Input for this task:

⁂

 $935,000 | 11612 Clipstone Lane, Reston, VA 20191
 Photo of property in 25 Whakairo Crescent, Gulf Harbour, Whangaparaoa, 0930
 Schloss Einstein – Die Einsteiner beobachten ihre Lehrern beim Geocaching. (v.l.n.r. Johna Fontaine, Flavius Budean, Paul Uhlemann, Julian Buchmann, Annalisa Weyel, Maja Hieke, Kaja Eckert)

⁂

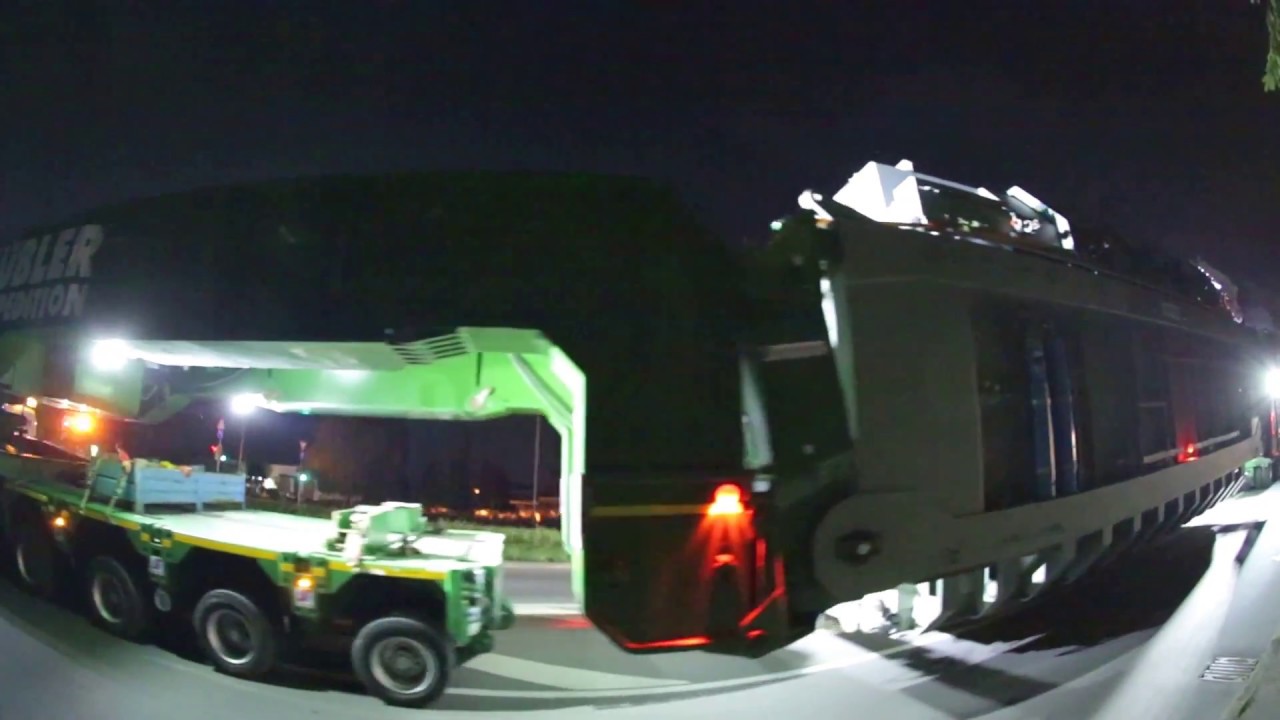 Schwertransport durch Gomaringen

⁂

In the listing above, find the line holding "Photo of property" and the line holding "Schloss Einstein –", then output those two lines and every line between them exactly.

 Photo of property in 25 Whakairo Crescent, Gulf Harbour, Whangaparaoa, 0930
 Schloss Einstein – Die Einsteiner beobachten ihre Lehrern beim Geocaching. (v.l.n.r. Johna Fontaine, Flavius Budean, Paul Uhlemann, Julian Buchmann, Annalisa Weyel, Maja Hieke, Kaja Eckert)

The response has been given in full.